Blogger Uriah Robinson said...

Peter don't you feel guilty you take a holiday and the entire financial structure of the USA[and the world] collapses while you are away.
How many additional Guinness [or should the plural be Guinnesses] did you have?

September 20, 2008  
Anonymous Anonymous said...

Terrifically bearded? Now I'm gonna picture you as a bespectacled Yeti.

Bye
Marco

September 20, 2008  
Blogger Peter Rozovsky said...

Uriah, if only I'd stayed home and made just one extra mortgage payment. I might have prevented all this.

I had just one Guinness with lunch and thus avoided the problem of determining the plural of Guinness. I'm not a beer drinker, though, and my main Irish tipple was Bulmer's cider.

September 20, 2008  
Blogger Peter Rozovsky said...

Marco, I presume Arlene Hunt must have referred to the quality and not the the copiousness of the beard in question. In fact, said beard is far more Gerry Adams than Karl Marx or Luke Kelly.

September 20, 2008  
Blogger petra michelle; Whose role is it anyway? said...

*smiling* Just visited Luke Kelly's video. Excellent! Ach, Peter, there are castles and beautiful pubs everywhere in Ireland or Scotland. Really, my hunger grows to revisit upon each return to your blog. Btw, Peter, wanted to thank you for your comment on Whose Role... The winners were Marty Feldman, Sean Connery, Kate Winslet, and Uma Thurman. Hope you enjoy
'GODIVAS.' Buona giornata!

September 20, 2008  
Blogger Peter Rozovsky said...

Mille grazie!

Yep, Luke Kelly was something else, and I can see why Irish musicians and pub keepers revere his memory.

I've never been to Scotland, and I don't know what sort of music is to be had in pubs there. Musical overlap between Scotland and Ireland would make sense. Scotland, after all, is easily visible from the north Antrim coast in Northern Ireland, and Luke Kelly, among other muscians, does a fine job with "Peggy Gordon," likely a Scottish song.

The linguistic overlap is such that I heard lots of ayes in the North, but not so great that I heard any achs.

September 20, 2008  
Blogger petra michelle; Whose role is it anyway? said...

Peter, the "achs" must have been
inherited by the teutonic conquests. Ach is a prevalent German word. Peter, while I lived in Edinburgh, many described themselves as "cousins" to the Irish.
Am getting a feeling Kate is the only actress who can play anything in your opinion. Mine is Cate Blanchett.
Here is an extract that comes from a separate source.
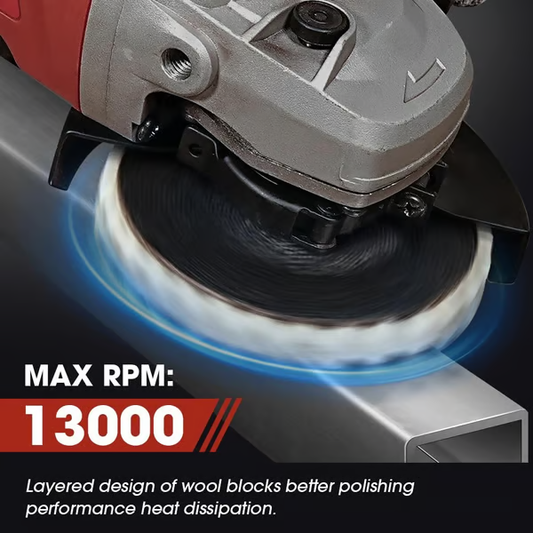 🛠️ Premium Wool Felt Polishing Flap Disc for Angle Grinders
If she could play the part of Bob Dylan as well as she did, she can do anything!

September 20, 2008  
Blogger Peter Rozovsky said...

I don't know; I'm not sure the Teutons ever made it that far north. In any case, I don't know whether ach is characteristic of highland scottish speech or lowland or what. Highland, I suspect, since ach is such a staple of verbal caricatures of Scottish people.
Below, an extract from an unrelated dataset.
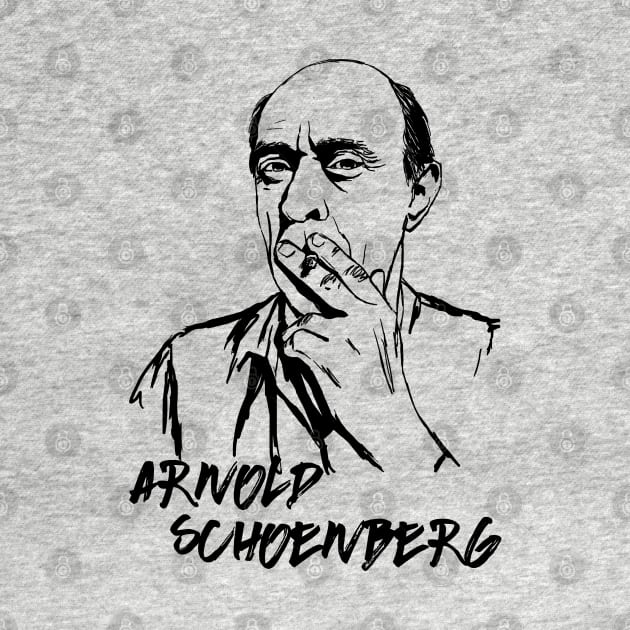 Arnold Schoenberg by Erena Samohai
I think I've seen Kate Winslet in just one movie, but I've had a soft spot for her since then because she was good and because I have read that she may have lost acting jobs because she refuses to starve herself skinny. Good for her, I say.

September 20, 2008  
Blogger adrian mckinty said...

Peter

Thanks for the PR for my sister! The Joymounr Arms has won Carrick pub of the year a couple of times now. How many pubs are in the competition I hear you ask. Well in a town of 18000 people there are 32 licensed premises. I know this because one Saturday a few years ago, I had a half pint in all of them, including the Rangers Club, The Pigeon Fanciers Club and the Royal and Ancient Order of Buffaloes.

You didnt mention how long the Guinness took to arrive. If it was less than four minutes you should have sent it back. Sometimes when my nieces are serving they feel that the customer should be given their pint a little too promptly but the black stuff needs to be treated like you're rekindling a relationship with an old girlfriend - slowness is the key.

slainte

September 20, 2008  
Blogger Peter Rozovsky said...

A half-pint in each of 32 establishments makes 16 pints, which still puts you seven behind a school pal of Declan Burke's at a long-ago drinking contest, if Declan is to be believed, and why should he not be? The Pigeon Fanciers Club, you say? Are you sure you didn't drink yourself into a P.G. Wodehouse story?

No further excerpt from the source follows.